112.3 Additional Documents.
History: Procedure filed Aug. 21, 1969 eff. Aug. 20, 1969; amds. filed: June 17, 1976; Nov. 29, 1977 eff. Nov. 29, 1977. Amended 112.1(b).
SL 112 - § 112.1 -- General Information.
(a) The instructions set forth in this Supervisory Procedure shall apply to the conversion of a Federal savings and loan association having its place of business in this State into a State savings and loan association pursuant to Banking Law, § 410.
(b) Six copies of a letter of application and each document referred to in section 112.2 of this Supervisory Procedure, including two executed copies of the documents referred to in section 112.2(a), (b) and (c) of this Supervisory Procedure, shall be filed with the Superintendent of Financial Services One State Street, New York, N.Y. 10004. The letter of application shall set forth the name and address of the officer to whom all communications from the Department should be addressed and the date or proposed date of filing of any required applications or other documents with any Federal agency and shall be accompanied by a check payable to the order of "Superintendent of Financial Services of the State of New York". Inquiries concerning the preparation of the application should be addressed to the Superintendent.
(c) Before submission of the application, the plan of conversion shall be approved at a meeting held upon not less than 10 days' written notice to each shareholder by the vote, in person or by proxy, of the holders of at least 66-2/3 percent in amount of the book value of all outstanding shares of the association, or at least 75 percent in amount of the book value of the outstanding shares of the association represented at the meeting. Notice of the shareholders' meeting, together with any proxy material, shall be served personally upon or mailed to each shareholder of the association at his last known address and shall contain a statement of the time, place and purpose of the meeting.
(d) Within 60 days after the date the application is filed, the association shall take the action prescribed or authorized by Federal law to effect such conversion.
(e) Approval by the Superintendent will be conditioned in all cases upon the continued insurance by the Federal Savings and Loan Insurance Corporation of all deposit accounts to the extent permitted by Federal law.
(f) Following submission of the application, the Superintendent will ordinarily require a full examination of the Federal savings and loan association by State bank examiners before he acts on the application.
(g) The Superintendent reserves the right to require additional information in connection with the application. The applicants may, of course, submit any information in addition to that required by this Supervisory Procedure which they deem pertinent to the application.
SL 112 - § 112.2 -- Documents Required.
The following documents shall be filed as part of the application:
(a) Plan of conversion, signed by the president of the association and attested by its secretary, setting forth the terms and conditions of the conversion and the manner in which it is to be accomplished, including the names of the principal executive and administrative officers and directors.
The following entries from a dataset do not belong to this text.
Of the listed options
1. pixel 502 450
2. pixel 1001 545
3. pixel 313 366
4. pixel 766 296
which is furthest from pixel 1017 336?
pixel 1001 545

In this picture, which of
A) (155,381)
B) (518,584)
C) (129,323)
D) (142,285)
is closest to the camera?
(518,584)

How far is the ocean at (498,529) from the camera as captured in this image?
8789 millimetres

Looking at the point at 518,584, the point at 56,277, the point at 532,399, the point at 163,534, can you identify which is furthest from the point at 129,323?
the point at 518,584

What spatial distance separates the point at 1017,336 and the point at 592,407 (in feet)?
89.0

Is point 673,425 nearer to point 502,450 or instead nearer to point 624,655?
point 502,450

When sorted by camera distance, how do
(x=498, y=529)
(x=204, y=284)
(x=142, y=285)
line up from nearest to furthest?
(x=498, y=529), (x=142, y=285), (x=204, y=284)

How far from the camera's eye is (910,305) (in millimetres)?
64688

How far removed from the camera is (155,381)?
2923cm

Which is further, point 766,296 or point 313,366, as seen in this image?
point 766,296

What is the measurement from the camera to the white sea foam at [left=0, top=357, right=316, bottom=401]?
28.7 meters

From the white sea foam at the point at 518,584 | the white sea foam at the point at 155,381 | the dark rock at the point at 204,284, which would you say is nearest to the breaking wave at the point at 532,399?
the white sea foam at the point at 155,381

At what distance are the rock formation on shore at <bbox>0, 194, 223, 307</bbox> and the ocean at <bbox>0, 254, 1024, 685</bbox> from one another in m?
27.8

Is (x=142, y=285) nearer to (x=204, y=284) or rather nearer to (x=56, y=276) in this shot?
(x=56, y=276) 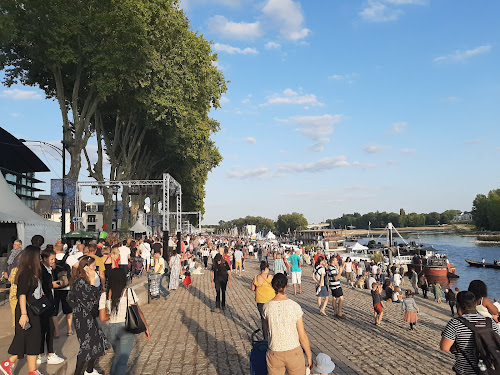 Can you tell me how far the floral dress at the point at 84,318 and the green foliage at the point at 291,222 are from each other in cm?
17047

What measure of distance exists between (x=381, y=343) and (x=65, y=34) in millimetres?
20860

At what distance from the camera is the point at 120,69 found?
22016 mm

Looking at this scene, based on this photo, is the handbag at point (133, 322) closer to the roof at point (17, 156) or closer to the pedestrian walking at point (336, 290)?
the pedestrian walking at point (336, 290)

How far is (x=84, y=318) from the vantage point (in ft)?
16.5

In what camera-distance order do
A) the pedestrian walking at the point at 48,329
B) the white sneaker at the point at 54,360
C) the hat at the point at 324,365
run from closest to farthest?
the hat at the point at 324,365 → the pedestrian walking at the point at 48,329 → the white sneaker at the point at 54,360

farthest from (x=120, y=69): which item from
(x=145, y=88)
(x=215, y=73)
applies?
(x=215, y=73)

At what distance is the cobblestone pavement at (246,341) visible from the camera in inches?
260

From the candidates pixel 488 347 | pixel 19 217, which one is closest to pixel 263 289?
pixel 488 347

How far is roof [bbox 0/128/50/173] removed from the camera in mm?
34162

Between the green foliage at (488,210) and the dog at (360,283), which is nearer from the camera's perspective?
the dog at (360,283)

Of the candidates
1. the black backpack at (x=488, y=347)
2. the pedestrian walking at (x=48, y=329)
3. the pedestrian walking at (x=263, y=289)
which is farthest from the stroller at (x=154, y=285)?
the black backpack at (x=488, y=347)

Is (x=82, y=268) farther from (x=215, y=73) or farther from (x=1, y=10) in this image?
(x=215, y=73)

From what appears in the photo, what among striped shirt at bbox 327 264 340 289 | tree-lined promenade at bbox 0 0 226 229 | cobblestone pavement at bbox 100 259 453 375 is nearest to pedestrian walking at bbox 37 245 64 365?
cobblestone pavement at bbox 100 259 453 375

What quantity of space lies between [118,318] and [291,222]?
175376 mm
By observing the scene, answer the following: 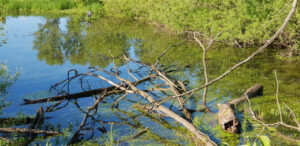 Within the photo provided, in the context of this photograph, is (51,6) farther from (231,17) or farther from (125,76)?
(125,76)

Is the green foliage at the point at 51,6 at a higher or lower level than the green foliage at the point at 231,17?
higher

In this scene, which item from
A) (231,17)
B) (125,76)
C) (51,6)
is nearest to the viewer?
(125,76)

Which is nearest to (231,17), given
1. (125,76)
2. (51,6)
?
(125,76)

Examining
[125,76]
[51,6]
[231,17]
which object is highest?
[51,6]

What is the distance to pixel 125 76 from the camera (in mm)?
10844

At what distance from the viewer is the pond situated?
663 centimetres

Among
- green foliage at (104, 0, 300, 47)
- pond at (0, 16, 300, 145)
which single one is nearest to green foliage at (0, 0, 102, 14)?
pond at (0, 16, 300, 145)

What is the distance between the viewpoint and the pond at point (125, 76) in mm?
6633

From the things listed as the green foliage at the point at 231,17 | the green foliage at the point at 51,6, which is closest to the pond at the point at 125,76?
the green foliage at the point at 231,17

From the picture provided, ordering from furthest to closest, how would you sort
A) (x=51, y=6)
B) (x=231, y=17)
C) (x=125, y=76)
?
1. (x=51, y=6)
2. (x=231, y=17)
3. (x=125, y=76)

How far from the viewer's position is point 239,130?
250 inches

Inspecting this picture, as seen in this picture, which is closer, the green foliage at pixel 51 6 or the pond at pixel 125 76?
the pond at pixel 125 76

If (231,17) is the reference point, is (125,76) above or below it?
below

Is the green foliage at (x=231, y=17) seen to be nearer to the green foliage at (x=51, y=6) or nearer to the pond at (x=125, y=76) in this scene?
the pond at (x=125, y=76) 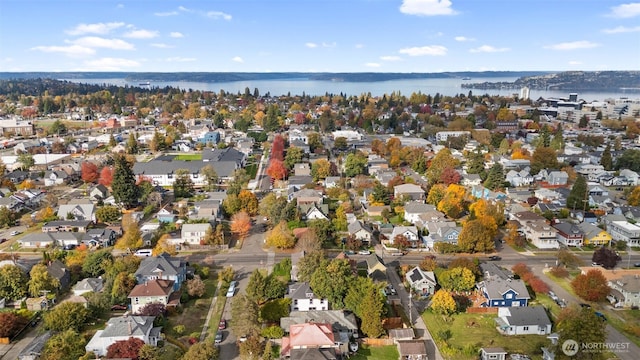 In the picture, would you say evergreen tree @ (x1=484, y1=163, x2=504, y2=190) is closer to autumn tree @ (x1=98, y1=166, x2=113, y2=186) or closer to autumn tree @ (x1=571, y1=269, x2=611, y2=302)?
autumn tree @ (x1=571, y1=269, x2=611, y2=302)

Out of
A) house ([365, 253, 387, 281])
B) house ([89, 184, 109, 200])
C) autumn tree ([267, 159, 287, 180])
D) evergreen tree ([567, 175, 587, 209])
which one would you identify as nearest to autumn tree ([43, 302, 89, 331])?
house ([365, 253, 387, 281])

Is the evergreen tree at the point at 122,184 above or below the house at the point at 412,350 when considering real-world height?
above

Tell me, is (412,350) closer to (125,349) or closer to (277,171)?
(125,349)

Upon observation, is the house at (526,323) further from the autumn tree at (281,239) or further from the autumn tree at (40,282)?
the autumn tree at (40,282)

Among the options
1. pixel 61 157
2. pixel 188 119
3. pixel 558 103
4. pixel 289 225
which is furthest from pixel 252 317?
pixel 558 103

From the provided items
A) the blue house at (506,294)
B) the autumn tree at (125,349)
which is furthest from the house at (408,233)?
the autumn tree at (125,349) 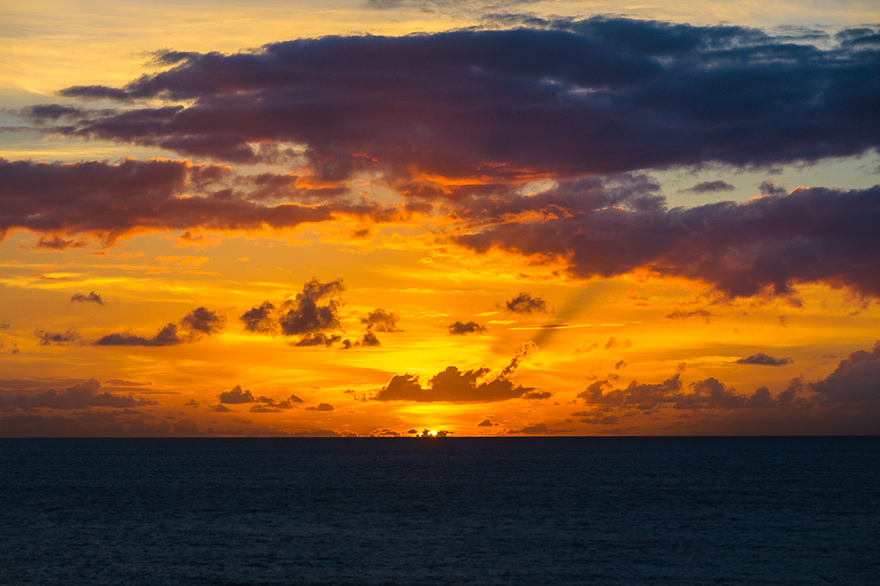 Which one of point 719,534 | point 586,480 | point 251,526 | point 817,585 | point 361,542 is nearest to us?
point 817,585

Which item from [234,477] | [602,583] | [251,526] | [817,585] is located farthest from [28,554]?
[234,477]

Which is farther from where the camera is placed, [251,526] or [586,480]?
[586,480]

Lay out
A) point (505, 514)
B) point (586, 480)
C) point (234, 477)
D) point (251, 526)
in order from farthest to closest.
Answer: point (234, 477), point (586, 480), point (505, 514), point (251, 526)

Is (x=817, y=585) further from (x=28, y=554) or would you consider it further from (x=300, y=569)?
(x=28, y=554)

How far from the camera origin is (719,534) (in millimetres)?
91000

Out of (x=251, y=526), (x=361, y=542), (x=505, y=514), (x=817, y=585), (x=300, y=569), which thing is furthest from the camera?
(x=505, y=514)

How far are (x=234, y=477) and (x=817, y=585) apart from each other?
481 ft

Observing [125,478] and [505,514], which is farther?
[125,478]

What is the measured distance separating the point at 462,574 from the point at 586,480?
110 metres

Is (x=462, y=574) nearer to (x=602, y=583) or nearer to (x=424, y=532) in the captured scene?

(b) Organization certificate, as required by Banking Law, section 375, executed by a majority of the directors of the association.
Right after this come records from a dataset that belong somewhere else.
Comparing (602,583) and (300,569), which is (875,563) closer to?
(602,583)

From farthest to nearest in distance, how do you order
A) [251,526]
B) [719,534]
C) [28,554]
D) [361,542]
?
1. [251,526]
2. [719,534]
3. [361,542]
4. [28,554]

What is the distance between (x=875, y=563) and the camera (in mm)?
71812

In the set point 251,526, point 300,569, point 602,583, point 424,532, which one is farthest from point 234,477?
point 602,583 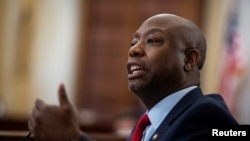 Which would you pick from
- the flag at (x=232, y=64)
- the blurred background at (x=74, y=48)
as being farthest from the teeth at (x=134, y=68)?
the blurred background at (x=74, y=48)

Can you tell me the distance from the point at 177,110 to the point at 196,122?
0.41 feet

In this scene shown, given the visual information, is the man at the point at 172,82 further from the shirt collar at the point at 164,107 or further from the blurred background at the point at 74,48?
the blurred background at the point at 74,48

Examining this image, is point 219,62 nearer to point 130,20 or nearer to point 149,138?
point 130,20

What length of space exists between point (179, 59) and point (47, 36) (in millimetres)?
6671

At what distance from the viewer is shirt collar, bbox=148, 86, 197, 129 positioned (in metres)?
2.08

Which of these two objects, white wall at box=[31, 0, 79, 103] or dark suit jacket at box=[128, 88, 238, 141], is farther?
white wall at box=[31, 0, 79, 103]

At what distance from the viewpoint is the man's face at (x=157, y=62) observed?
208 centimetres

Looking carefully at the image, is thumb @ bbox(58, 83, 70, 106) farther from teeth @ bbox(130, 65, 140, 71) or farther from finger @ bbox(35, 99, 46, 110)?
teeth @ bbox(130, 65, 140, 71)

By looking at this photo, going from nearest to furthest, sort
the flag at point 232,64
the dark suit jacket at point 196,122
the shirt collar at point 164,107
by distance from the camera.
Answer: the dark suit jacket at point 196,122, the shirt collar at point 164,107, the flag at point 232,64

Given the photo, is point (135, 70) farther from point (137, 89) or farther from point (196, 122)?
point (196, 122)

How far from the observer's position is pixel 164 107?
2100mm

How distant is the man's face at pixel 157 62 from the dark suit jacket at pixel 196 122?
0.49 feet

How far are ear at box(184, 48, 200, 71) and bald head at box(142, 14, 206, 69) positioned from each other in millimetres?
15

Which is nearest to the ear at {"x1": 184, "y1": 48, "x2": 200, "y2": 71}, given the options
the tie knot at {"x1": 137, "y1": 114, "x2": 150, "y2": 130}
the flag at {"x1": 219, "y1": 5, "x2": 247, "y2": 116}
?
the tie knot at {"x1": 137, "y1": 114, "x2": 150, "y2": 130} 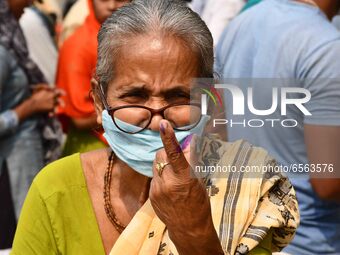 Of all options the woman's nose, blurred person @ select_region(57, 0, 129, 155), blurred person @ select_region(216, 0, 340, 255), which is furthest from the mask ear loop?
blurred person @ select_region(57, 0, 129, 155)

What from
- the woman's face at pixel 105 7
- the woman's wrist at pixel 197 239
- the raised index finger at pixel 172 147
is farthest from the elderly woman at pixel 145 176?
the woman's face at pixel 105 7

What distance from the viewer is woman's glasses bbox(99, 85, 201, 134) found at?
226cm

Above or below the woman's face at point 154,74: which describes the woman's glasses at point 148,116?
below

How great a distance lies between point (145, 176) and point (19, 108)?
245 centimetres

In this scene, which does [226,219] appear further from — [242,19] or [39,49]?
[39,49]

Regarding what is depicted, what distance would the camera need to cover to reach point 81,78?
16.5 ft

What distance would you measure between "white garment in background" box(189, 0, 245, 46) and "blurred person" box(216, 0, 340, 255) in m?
1.91

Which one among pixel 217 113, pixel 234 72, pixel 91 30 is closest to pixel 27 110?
pixel 91 30

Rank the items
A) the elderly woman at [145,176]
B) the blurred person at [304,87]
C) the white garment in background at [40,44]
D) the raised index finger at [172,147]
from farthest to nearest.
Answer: the white garment in background at [40,44] → the blurred person at [304,87] → the elderly woman at [145,176] → the raised index finger at [172,147]

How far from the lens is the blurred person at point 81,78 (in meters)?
5.01

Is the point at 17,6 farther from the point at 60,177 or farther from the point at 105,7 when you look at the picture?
the point at 60,177

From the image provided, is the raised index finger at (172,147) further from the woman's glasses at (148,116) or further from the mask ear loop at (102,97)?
the mask ear loop at (102,97)

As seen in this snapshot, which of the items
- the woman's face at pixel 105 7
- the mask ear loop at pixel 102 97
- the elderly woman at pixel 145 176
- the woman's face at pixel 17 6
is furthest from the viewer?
the woman's face at pixel 105 7

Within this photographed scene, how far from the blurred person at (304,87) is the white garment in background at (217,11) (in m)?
1.91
(c) Minutes of the meeting of shareholders of the association at which the plan of conversion was approved, including the notice to shareholders, proxy material and plan of conversion in the form submitted to shareholders, certified by the presiding officer and by the secretary of the meeting and otherwise in accordance with Banking Law, section 410. The presiding officer and the secretary of the meeting shall certify that (1) the notice of the meeting and proxy material were served personally or mailed to each shareholder at his last known address at least 10 days prior to the shareholders' meeting and (2) the plan of conversion in the form attached was the plan submitted to the shareholders at such meeting, and was approved by the vote, in person or by proxy, of the holders of at least 66-2/3 percent in amount of book value of all outstanding shares of the association, or at least 75 percent in amount of the book value of the outstanding shares of the association represented at the meeting. Such certificate shall also indicate the actual vote of the shareholders for and against the plan of conversion.
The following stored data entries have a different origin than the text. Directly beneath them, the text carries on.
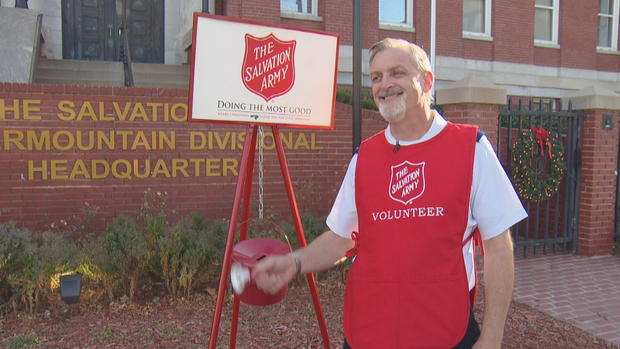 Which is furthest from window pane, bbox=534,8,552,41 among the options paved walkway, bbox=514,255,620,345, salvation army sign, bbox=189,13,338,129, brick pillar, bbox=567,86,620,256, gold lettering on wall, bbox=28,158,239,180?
salvation army sign, bbox=189,13,338,129

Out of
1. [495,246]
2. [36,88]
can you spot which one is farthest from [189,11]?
[495,246]

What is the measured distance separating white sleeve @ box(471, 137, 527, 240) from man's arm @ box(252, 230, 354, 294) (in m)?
0.54

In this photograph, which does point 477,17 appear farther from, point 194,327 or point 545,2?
point 194,327

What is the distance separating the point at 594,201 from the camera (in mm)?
6555

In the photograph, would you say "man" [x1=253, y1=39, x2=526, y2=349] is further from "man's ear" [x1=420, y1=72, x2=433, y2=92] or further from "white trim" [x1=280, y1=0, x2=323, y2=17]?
"white trim" [x1=280, y1=0, x2=323, y2=17]

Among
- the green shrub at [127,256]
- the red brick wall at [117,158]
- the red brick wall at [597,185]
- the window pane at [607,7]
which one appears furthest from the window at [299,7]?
the window pane at [607,7]

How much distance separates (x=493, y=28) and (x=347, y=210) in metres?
12.9

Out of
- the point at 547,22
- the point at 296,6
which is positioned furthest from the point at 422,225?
the point at 547,22

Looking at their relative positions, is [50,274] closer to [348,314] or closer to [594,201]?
[348,314]

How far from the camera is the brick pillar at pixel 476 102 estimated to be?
217 inches

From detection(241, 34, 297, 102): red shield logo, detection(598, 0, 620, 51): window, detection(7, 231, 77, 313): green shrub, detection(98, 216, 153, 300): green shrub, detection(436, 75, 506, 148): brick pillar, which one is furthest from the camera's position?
detection(598, 0, 620, 51): window

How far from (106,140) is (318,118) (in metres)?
3.38

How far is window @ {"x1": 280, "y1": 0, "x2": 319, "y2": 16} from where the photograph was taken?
11531 mm

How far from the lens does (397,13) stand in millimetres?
12672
(d) Proposed by-laws of the State association as required by Banking Law, § 376.
SL 112 - § 112.3 -- Additional Documents.
The following additional documents shall be submitted to the Superintendent as they become available to the association:
(a) Copies of all notices, consents and authorizations required by Federal law and regulations in connection with the conversion.
(b) Opinion of counsel for the association as to compliance with all requirements of Federal and State law in connection with the conversion.